Understanding Correlation

The idea of correlation can be confusing. Most of us have an idea of what seems correlated when we look at a stock chart, but this everyday idea of correlation can be very different from mathematical correlation.

Consider the following hypothetical chart of two stock indexes.

What would you guess is the correlation is between stocks indexes in this chart? Maybe 70% or 80%? They seem to move together quite a bit. When we focus on 1-year periods, the answer is a correlation of -0.2%! That's right – essentially no correlation.

However, if we look at rolling 5-year periods, the correlation is 88%. So, we get a completely different picture if we look at 1-year returns versus 5-year returns.

This discussion of 1-year and 5-year correlations can be confusing. After all, aren't we talking about 30 years here? Mathematical correlation in this context is about comparing two strings of numbers. We can make these two strings of numbers be 30 numbers long and consist of 1-year growth values, or we can make the strings 26 numbers long and consist of rolling 5-year growth values.
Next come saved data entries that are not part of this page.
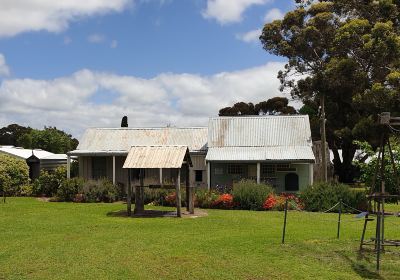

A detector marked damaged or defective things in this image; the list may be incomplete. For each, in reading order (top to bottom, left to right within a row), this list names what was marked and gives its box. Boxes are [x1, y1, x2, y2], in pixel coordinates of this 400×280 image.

rusty metal roof [69, 127, 206, 155]
rusty metal roof [206, 115, 316, 162]
rusty metal roof [122, 147, 190, 168]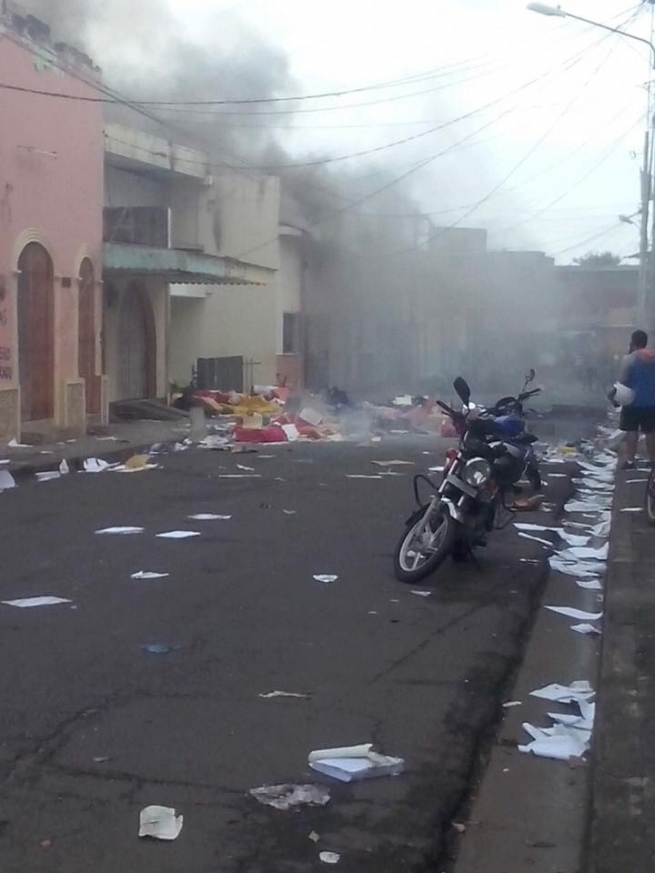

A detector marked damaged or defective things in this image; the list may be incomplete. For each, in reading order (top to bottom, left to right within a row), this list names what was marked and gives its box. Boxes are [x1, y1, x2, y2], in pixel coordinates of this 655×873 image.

torn document [249, 784, 330, 812]
torn document [138, 804, 183, 836]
There is always a way to look at the numbers to get the result you want. As the saying goes, there are lies, damned lies, and statistics.
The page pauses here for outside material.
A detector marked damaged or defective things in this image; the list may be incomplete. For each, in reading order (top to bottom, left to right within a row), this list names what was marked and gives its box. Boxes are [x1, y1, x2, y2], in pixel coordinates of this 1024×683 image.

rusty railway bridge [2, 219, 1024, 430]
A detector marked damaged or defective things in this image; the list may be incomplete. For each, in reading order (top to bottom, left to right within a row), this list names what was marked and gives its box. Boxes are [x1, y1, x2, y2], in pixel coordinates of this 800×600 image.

  1. I don't think that means correlation is a useless investment statistic. What happens when you have a portfolio of the two stocks in equal proportions and rebalance annually? I bet it's a smoother curve than either stock's and the return will be higher too. The reason we are interested in correlation is to manage a portfolio by taking advantage of rebalancing over shorter time periods than 5 years.

    If we took actual 25 year rolling returns I bet every investment type / asset class would have correlation near +1 since over that long a time, just about everything goes up.

    But your point is well taken, Michael, it is essential to understand how correlation works and how it is useful.

  2. @Canadian Investor: You're right. Correlation definitely has its uses. My main point is that if two quantities are uncorrelated, it doesn't mean that they have no relationship to each other.

    For example, if you choose a number uniformly at random between -10 and +10 this number is uncorrelated with its own square. But, these two quantities are obviously related in that you can calculate the second from the first.